Displacement of a circular PT under a number of vibration patterns
(Naming convention is (d,c) where d is the number of nodal diameters and c is the number of nodal circles)

The modes occuring near that of the radial mode are called flexural modes.

## Determining resonant frequencies of flexural modes

In order to optimise the design of a PT for minimum interference from spurious modes, the relationship between the geometry and material properties, and resonant frequency must be evaluated.

### Thoretical Analysis

Due to the complexities involved with generating a relationship between resonant frequnecy, material properties and geomertry, inital work was done starting from basic theory. To start, the PT was modeled as a single disk made from elastic material, which vibrates freely. This allows some assumptions were made based on the Kirchoff thin plate model. Mainly, that the radius is much greater than the thickness of the device, thus allowing certain stresses to be equal to zero simplifiing the analysis.

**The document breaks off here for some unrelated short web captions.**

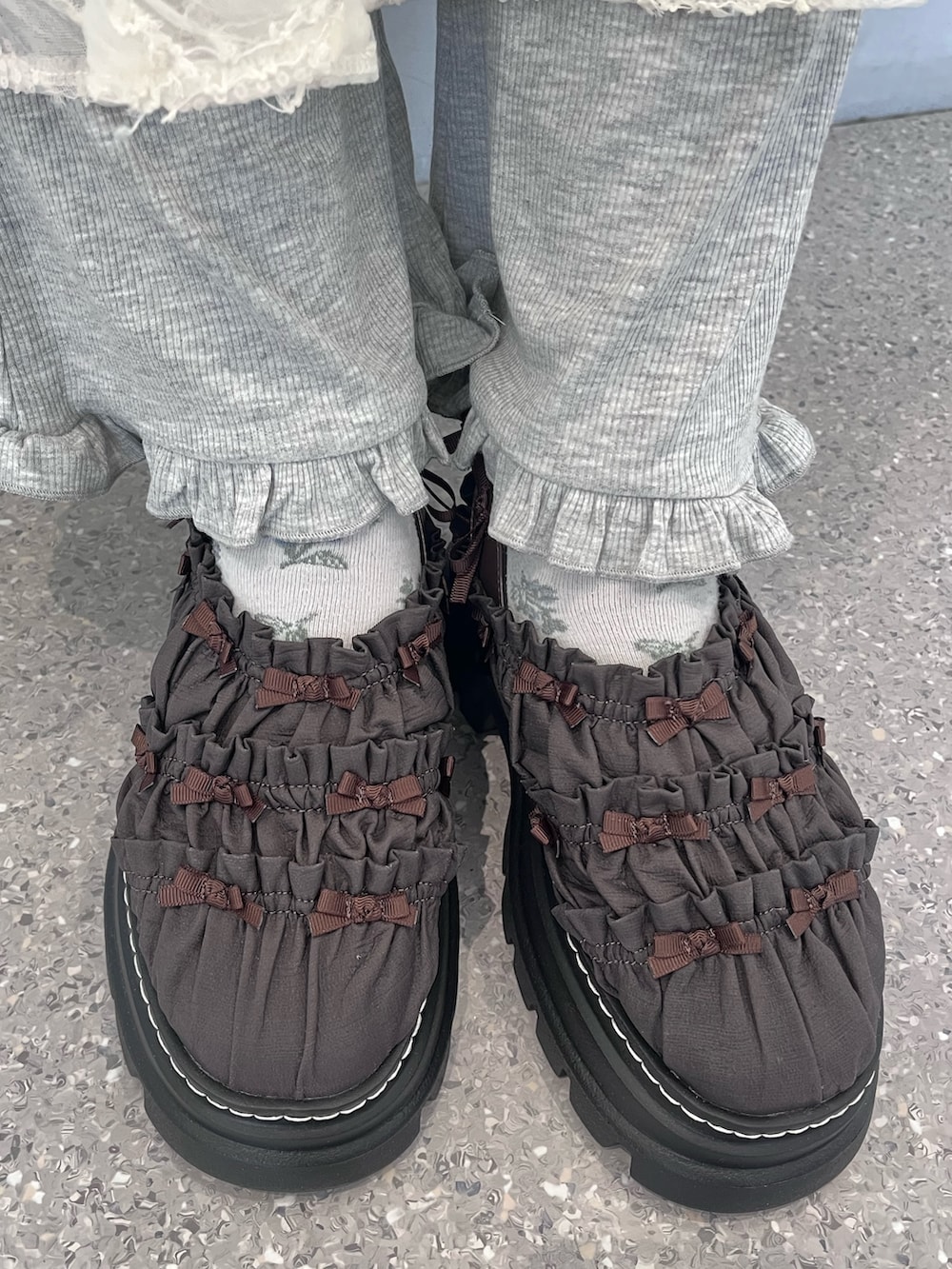 ホワイト系のワンピース、ピンク系のTシャツ/カットソー、グレー系のスウェットパンツを着用したレディースの夏コーディネートの6枚目の写真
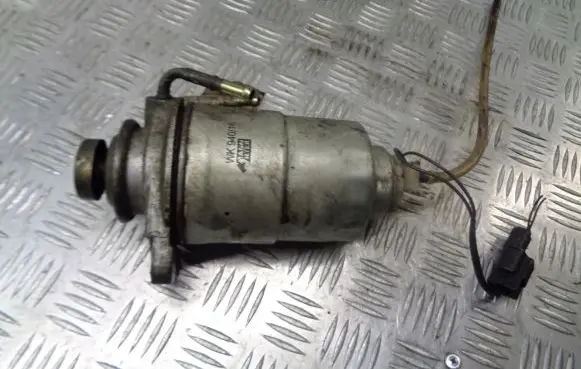 Subaru Legacy Fuel filter housing 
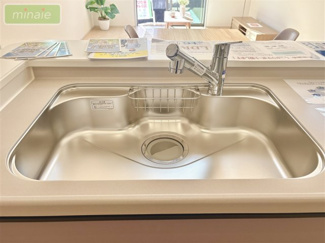 【キッチン】 | 駐車3台　パウダールーム付き　スーパー3分　長期優良住宅　三山　2号棟 | 同タイプ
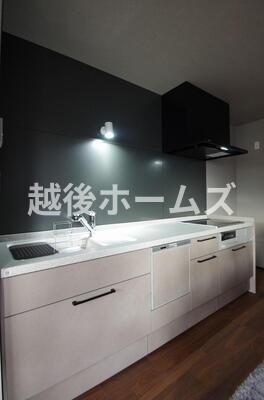 新築戸建　中央区学校町通二番町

From this information, and analysing the forces on the vibrating disk the general equation for flexural motion can be developed: $$D{\nabla}^4w + \bar{\rho}\frac{\partial^2 w}{\partial t^2} = 0$$ Where $D = \frac{Yh^{3}}{12(1-\sigma^{2})}$, $Y$ is the Youngs modulus, $\sigma$ is Poisson's ratio, $w$ is the transverse displacement and $\bar{\rho}$ is the mass per unit area.

The general soluation to this equation (assuming displament at the center of the device is finite): $$W(r, \theta) = (A_{d}J_{d}(\lambda) + B_{d}I_{d}(\lambda))\cos(d\theta)$$ Where: $\lambda^{2} = \sqrt{\frac{\bar{\rho}}{D}}fr^{2}$

By applying boundry conditions for a freely vibrating disk in terms of the bending moment and Kelvin-Kirchoff edge reaction, soluation for lambda can be found for each vibration mode

### Finite Element Simulation

Due to the complexities involved, exact analytical solutions can only be solved in 2D. In order to accurately solve this type of problem, a FEM should be used. Another advantage of finite element analysis (FEA) is that a PT can modelled as a number of separate layers rather than 1 disk, further improving accuracy. To investigate the relation between device geometry and resonant frequency of the flexural modes, a number of PZT-5H based devices will be simulated in COMSOL, with radii varying between 5 and 14mm and thicknesses between 1 and 5mm. In order to be able to relate the results to other material types and to the results achieved through the analytical method, the resonant frequencies will be converted to the ‘non-dimensional’ frequency.

## Results

To visulise the results the values of lambda will be plotted for both the FEA and analyitical models. The theorietical model states that lambda will be constant for all devices but due to the simplicfications we made (assuming radius>>thickness) this will only be true for large radius/ thickness ratios. Thus it is found that the value of lambda will be constant for any size device, so long as the radius/thickness ratio is constant. So the reuslts will be plotted against the ratio of raidus/thicknes.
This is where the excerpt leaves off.